**Exercise goal:** Could you please reproduce the entries exactly, leaving out any pictures?

───── Records supplied ─────

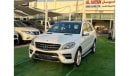 Mercedes-Benz ML 500 MODEL 2013 GCC CAR PERFECT CONDITION INSIDE AND OUTSIDE FULL OPTION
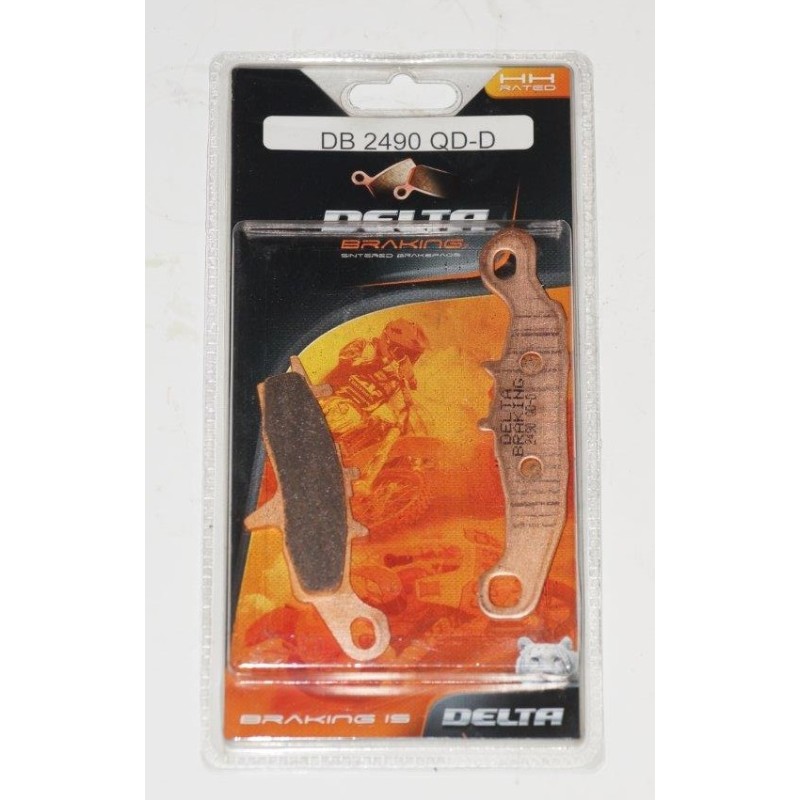 Kawasaki KVF 650 Brute Force 05 brake pads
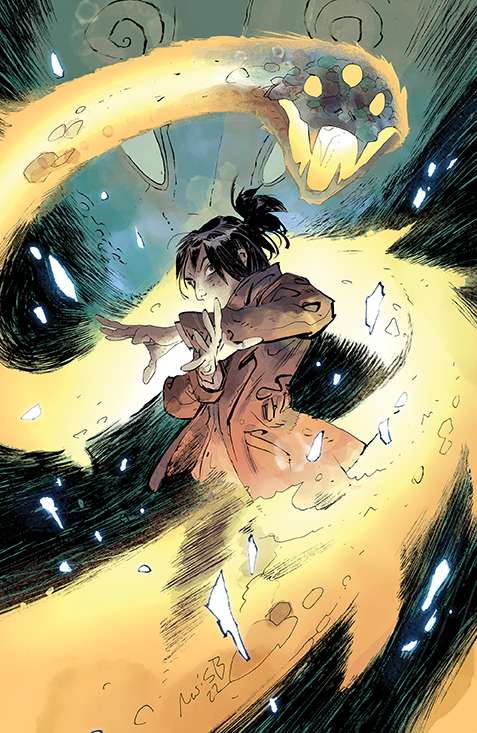 DAMN THEM ALL #6 (OF 6) CVR F 1 PER STORE VARIANT BERGARA (MR)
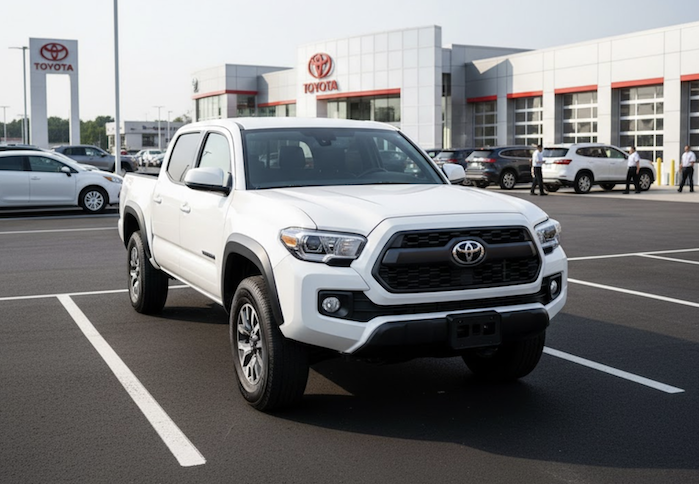Justin Werner's 2022 Toyota Tacoma Double Cab V6 SR5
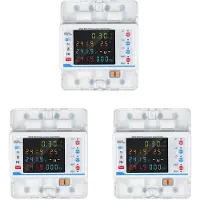 Typecat 3X Tuya WiFi Intelligente Stroomonderbreker Automatische Hersluitingsbeschermer 3P4W Vermogensmeter Driefasige Hersluitingsschakelaar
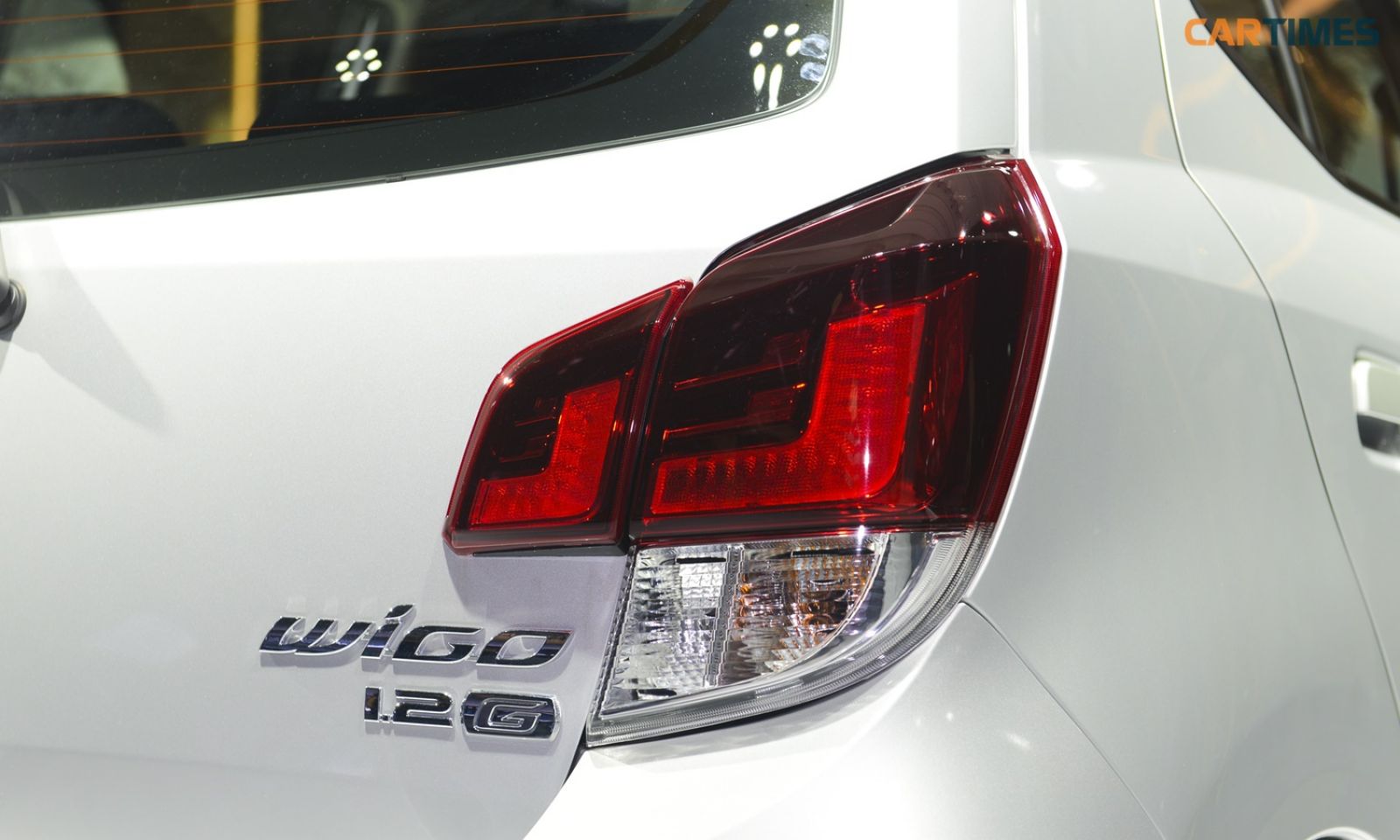 Thiết kế đèn hậu dạng LED của Toyota Wigo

─────

**Response for this exercise:**
 Mercedes-Benz ML 500 MODEL 2013 GCC CAR PERFECT CONDITION INSIDE AND OUTSIDE FULL OPTION
 Kawasaki KVF 650 Brute Force 05 brake pads
 DAMN THEM ALL #6 (OF 6) CVR F 1 PER STORE VARIANT BERGARA (MR)
Justin Werner's 2022 Toyota Tacoma Double Cab V6 SR5
 Typecat 3X Tuya WiFi Intelligente Stroomonderbreker Automatische Hersluitingsbeschermer 3P4W Vermogensmeter Driefasige Hersluitingsschakelaar
 Thiết kế đèn hậu dạng LED của Toyota Wigo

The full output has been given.